The first rural families in New Zealand were Māori. As Māori remained a largely rural people long after the arrival of Europeans, they play a significant part in this story. There was some intermarriage between Europeans who took up farming and Māori women, especially in the early 19th century and later in specific areas such as Northland and the East Coast. Occasionally this led to Europeans acquiring Māori land. Families headed by Māori women tended to retain strong Māori family traditions. In the 20th century as Māori entered the rural workforce their family life was shaped by some of the same forces which affected Pākehā rural families.
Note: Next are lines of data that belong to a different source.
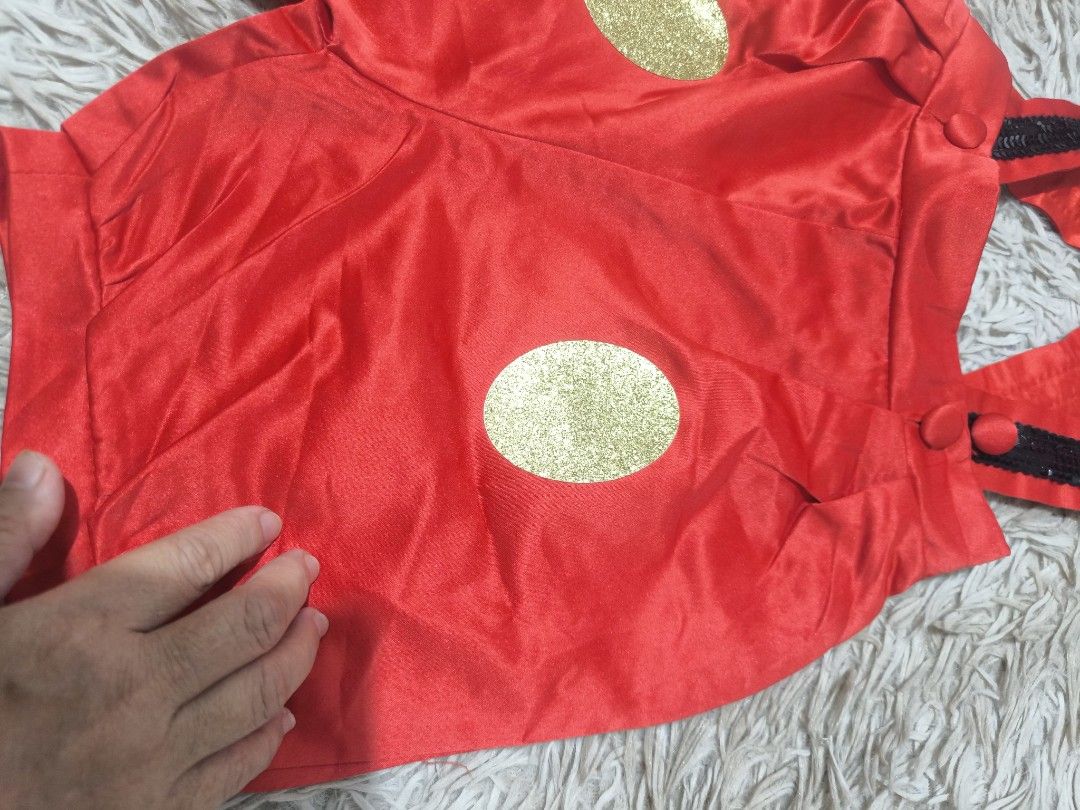 Mickey Mouse Costume 7 To 8 Years Old (Category: Babies & Kids Fashion) located in Marikina City. Submitted by alecfordy (Listing ID 1461881813, Image 3). Description: Mickey Mouse Costume 7to 8 Years Old.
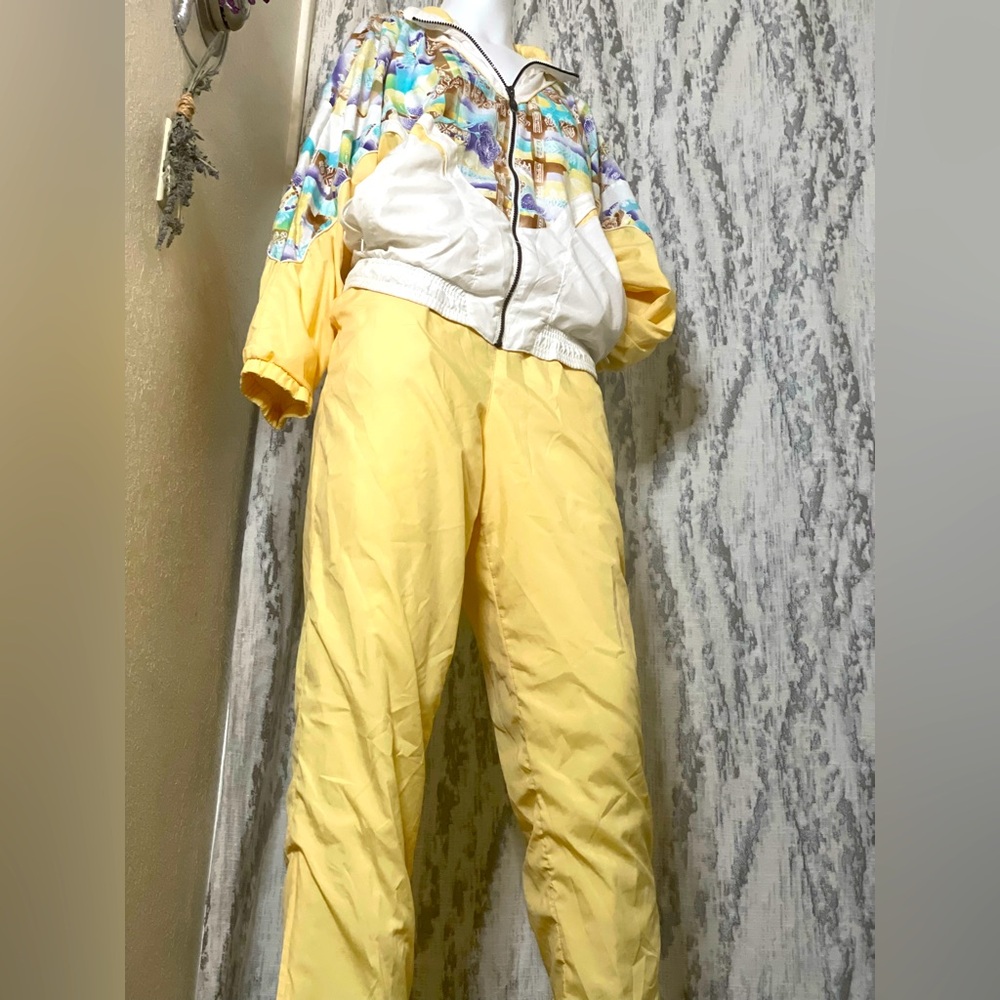 Vintage Head Fully Lined Tracksuit || Made In Taiwan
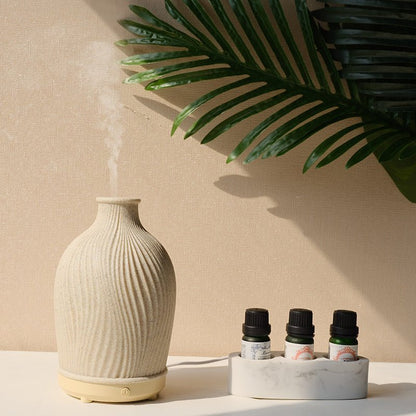 Simple Vase Shaped Aromatherapy Humidifier - Hearth & Lume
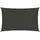 vidaXL Sonnensegel 160 g/m2 Anthrazit 2x4,5 m HDPE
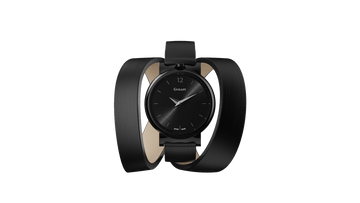 XS - CASE BLACK - DIAL BLACK - 3 BR SAT BLACK - LUGS BLACK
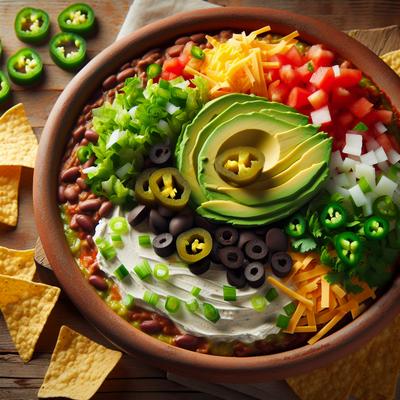 Image of Simple Taco Dip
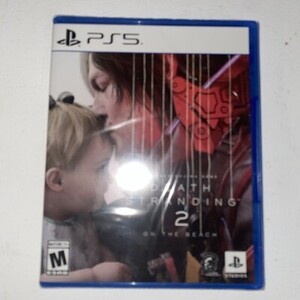 Death Stranding 2: On The Beach - Sony PlayStation 5 - BRAND NEW SEALED 海外 即決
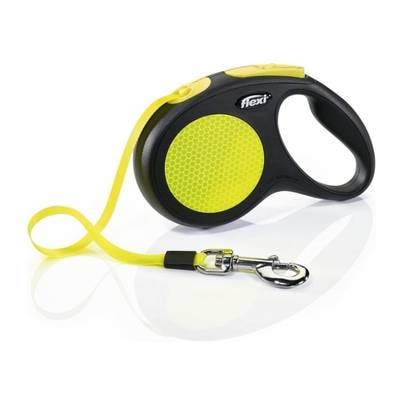 Flexi New Neon Retractable Dog Lead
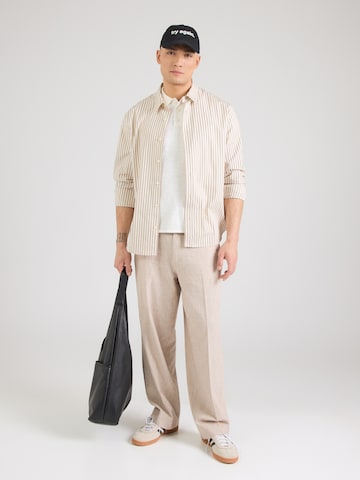 JACK & JONES Poloshirt 'JJKANE' in Weiß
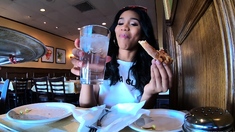 Horny black bitches sucking and toying ebony pussy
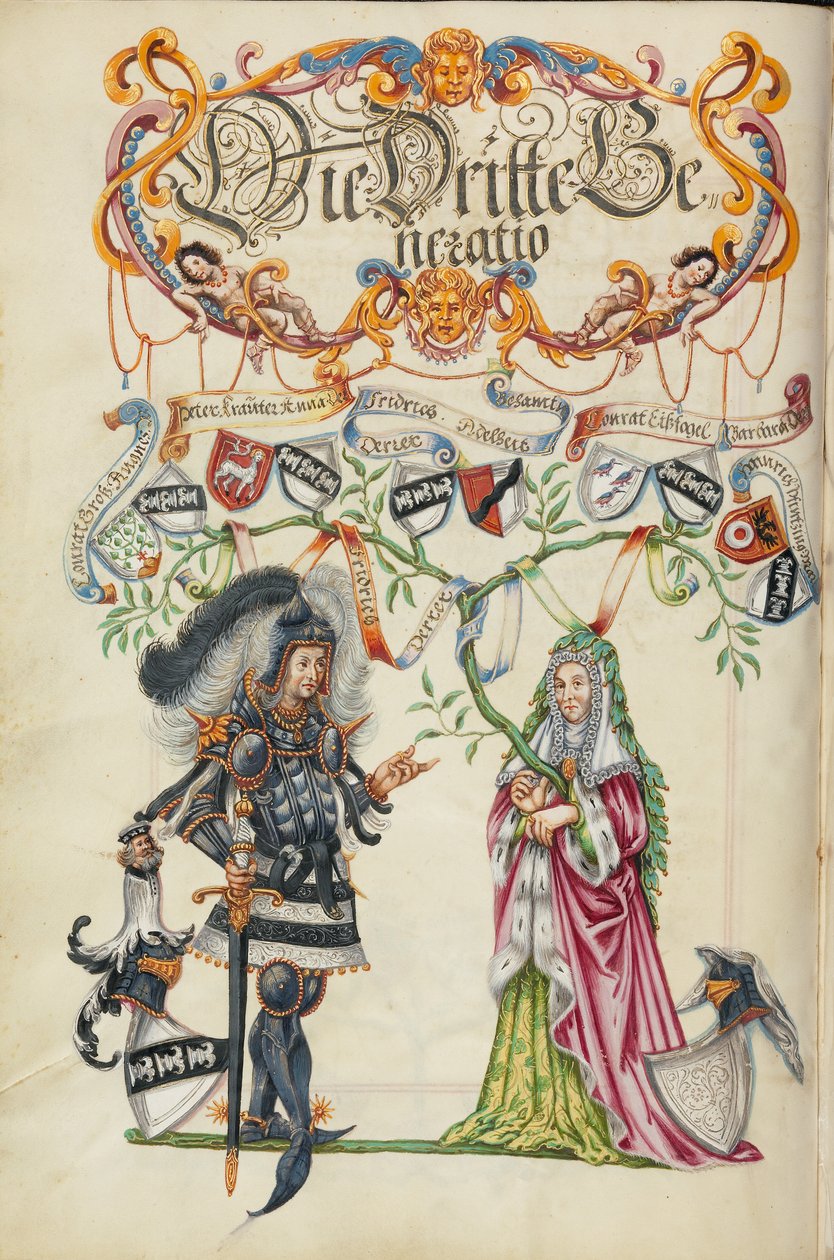 La terza generazione, Friedrich Derrer da Unknown artist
Colonial conditions in rural areas put strains on the family. Many migrants had left behind parents and siblings in the old world. Husband, wife and children were thrown together on the voyage out, and the nuclear family (just father, mother and children) was likely to become even more isolated once they found themselves on a backblocks farm. Louisa Rose wrote to her sister in 1852, ‘It is indeed a miserable thing to be so completely cut off from all relations as we are here.’ 1
In a few cases rural settlers were able to attract siblings or friends from home who would come out in a chain migration. In South Canterbury the extended Brosnahan family came out from County Kerry in southern Ireland and settled on land near Kerrytown. But this was unusual. More often settlers found solace from loneliness in the nuclear family. The family became, as Charles Hursthouse said, a man’s ‘nearest and dearest friends.’ 2 Family pursuits – cards, reading aloud, singing around the piano – were important leisure activities on the farm.
As siblings grew up they often remained close, as a comfort against the loneliness of rural life. Kate Squires of Woodend in Southland actively encouraged visits from her sisters Bella, Emily and Mary after she was married, and they usually stayed for long periods. Often the visits coincided with the pregnancy and confinement of one of the women. Kate’s sisters were her primary leisure companions.
There was a gender imbalance in rural areas. There were always more Pākehā men than women in 19th-century New Zealand, but the imbalance was greater in rural areas. In 1874 outside cities and towns there were twice as many non-Māori men as women (68,568 men aged 20 or over; 33,043 women). In some places such as Marlborough and South Canterbury there were even fewer women.
When a woman arrived at the new settlement of Āpiti in the Manawatū in the 1880s, a group of bush-fellers were hard at work. One man rushed up to his employer, saying, ‘Boss, I’m finishing, I want my pay.’ The boss asked what was wrong. ‘Look,’ said the man, ‘there’s a woman coming, I’m going further back.’ 3
On the east coast of both islands where there were large sheep-farming runs many single men were employed as shepherds, or in short-term or seasonal jobs as shearers or harvesters. They often lived in ‘men’s quarters’. A few single women may have been found in the larger homesteads as domestic servants, and perhaps there was an occasional married couple. But there were few families and the institutions of male culture such as hotels and drinking places were strong.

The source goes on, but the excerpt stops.